In addition, there has been a report of two cases of CMV infection associated with TMZ [9]. In this report, 4 additional cases of CMV infection were culled from the literature and 5 of the 6 cases involved TMZ administration with corticosteroids with evidence of CMV pneumonitis in 3 patients. Although our patient had a grade IV astrocytoma, TMZ was given per Stupp’s protocol [2] and followed Eberlein et al’s practice where patients with grade III astrocytoma had an increased chance of survival if treated with TMZ [8]. As his CMV recurrent infction progressed in the hospital, our patient developed significant fever, hypoxia and radiological pulmonary infiltrates with a highly elevated blood CMV PCR in keeping with CMV infection involving the lungs [10,11]. But, a diagnostic bronchoscopic examination could not be performed due to severe hypoxia.
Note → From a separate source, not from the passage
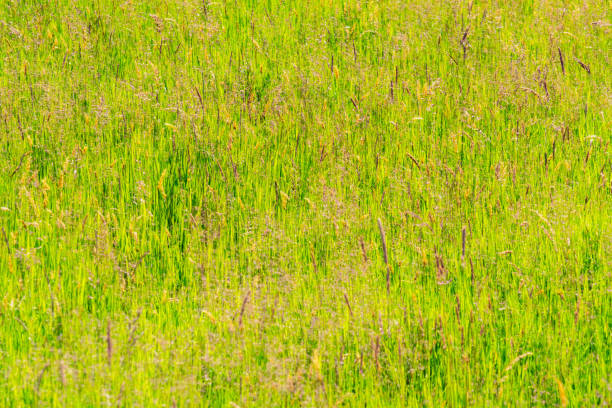 fundo de grama de prado longo não cultivado - long grass uncultivated plant stage plant condition - fotografias e filmes do acervo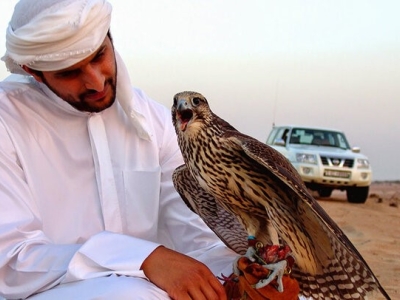 کشف۱۳ پرنده کمیاب و شکاری به ارزش ۵۰ میلیارد تومان در دشتستان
However, based on the aforementioned clinical criteria, the diagnosis of symptomatic CMV recurrent infection was made and so intravenous ganciclovir therapy was initiated. Taken together, these data emphasize that patients treated with TMZ and receiving concomitant steroids may also be at risk of CMV infection reactivation. Thus, one should be cognizant of the risk for recurrent CMV infection when employing TMZ chemotherapy in combination with corticosteroids in individuals who have had prior CMV exposure (evidence of positive CMV antibody). Subsequently pre-emptive periodic monitoring of CMV viral loads in such patients would be prudent..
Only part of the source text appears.